Acute leukemias are a heterogeneous group of malignancies characterized by the abnormal proliferation of a cell clone in the bone marrow, having as origin lymphocytic or myeloid lineage. The repertoire of mutations that determine the leukemic transformation, complex and variable depending on the tumor type and progression of the disease, combined in the same cell of balanced and unbalanced chromosomal aberrations, point mutations and epigenetic abnormalities.

The project presented here is part of a comprehensive approach to diagnosis of hematologic malignancies of children. Using comparative genomic hybridization on microarray (or array- CGH) and transcriptome analysis by microarray, two innovative techniques for a comprehensive analysis of the genome and transcriptome , offer new perspectives identifying molecular defects . These techniques provide new elements in the identification of acute leukemia at diagnosis may identify new prognostic factors to optimize the care of patients.

This project involves both the Department of Medical Genetics (Prof. N. LEVY ) regarding the identification of genomic abnormalities associated with childhood leukemia , the Laboratory of Hematology of the Hospital de la Timone ( Prof. Pierre Morange ) in terms of the phenotypic characterization of tumor cells, and the Onco - Hematology Pediatric Department (Prof. Michel Gerard ) which provides diagnosis, treatment , monitoring and the bone marrow of children with hematologic malignancies . The following project is mainly focused on the identification of genomic abnormalities (deletions and duplications) and abnormalities in gene expression to identify a genetic profile ensuring a better classification within the different groups risk .

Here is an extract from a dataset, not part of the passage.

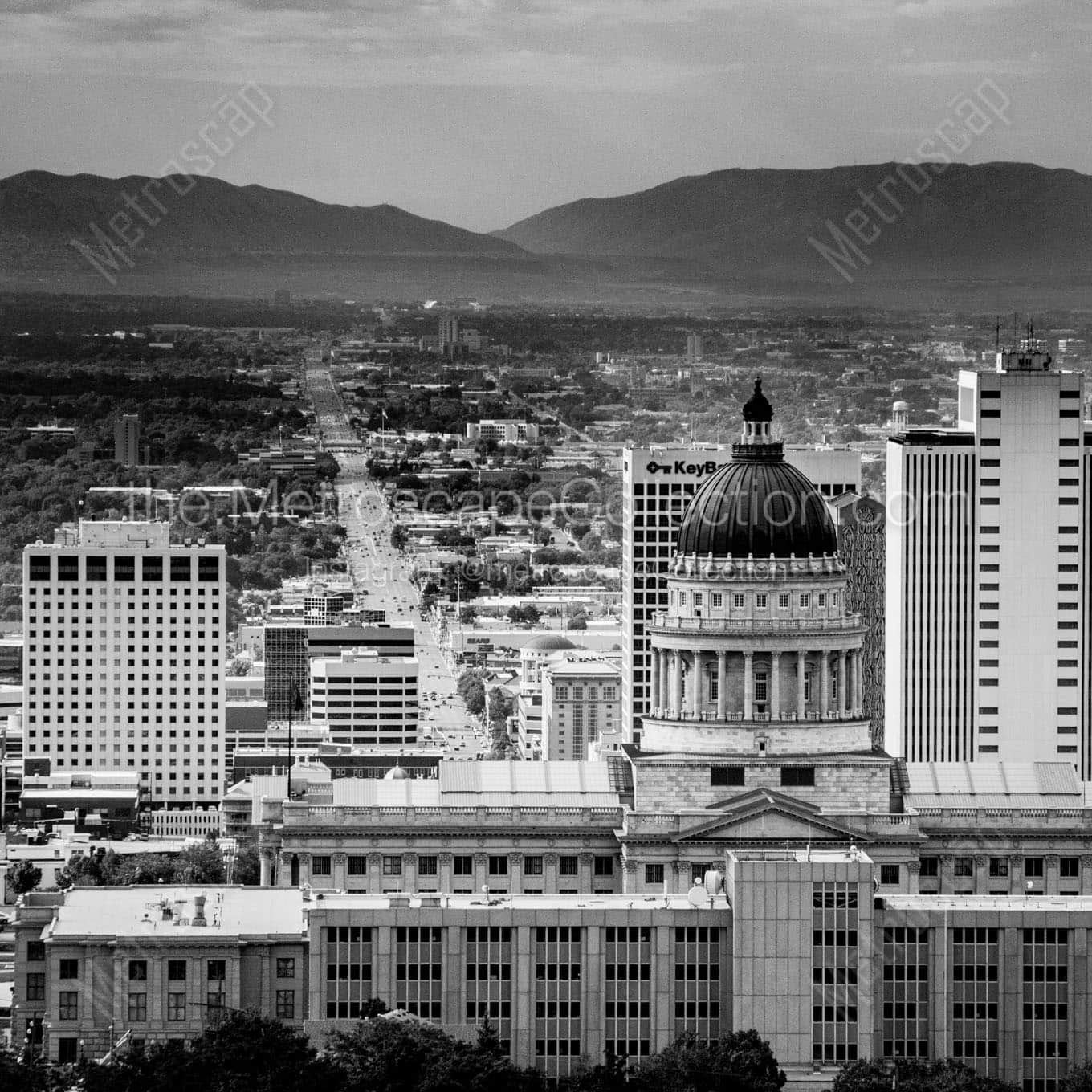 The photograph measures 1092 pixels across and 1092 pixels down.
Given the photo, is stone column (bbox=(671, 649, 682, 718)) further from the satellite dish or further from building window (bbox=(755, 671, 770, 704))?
the satellite dish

The project we propose is centered on the identification of genomic abnormalities , changing the number of copies of certain regions of the genome or determining loss of heterozygosity , and the identification of changes in the level of gene expression by using two analytical techniques, comparative genomic hybridization on microarray (or array- CGH) and expression studies with microarrays . The data generated will , for the identification of " molecular signatures " , the classification of patients according to prognosis , variations in treatment response and survival.

The originality of this project lies in the use of these new tools in the diagnosis of hematological malignancies in children. This pilot study will be conducted with commercial Affymetrix , will develop the chips ' processing' , dedicated , enriched probes corresponding to genes involved in leukemogenesis , with high discriminatory power in identifying these signatures.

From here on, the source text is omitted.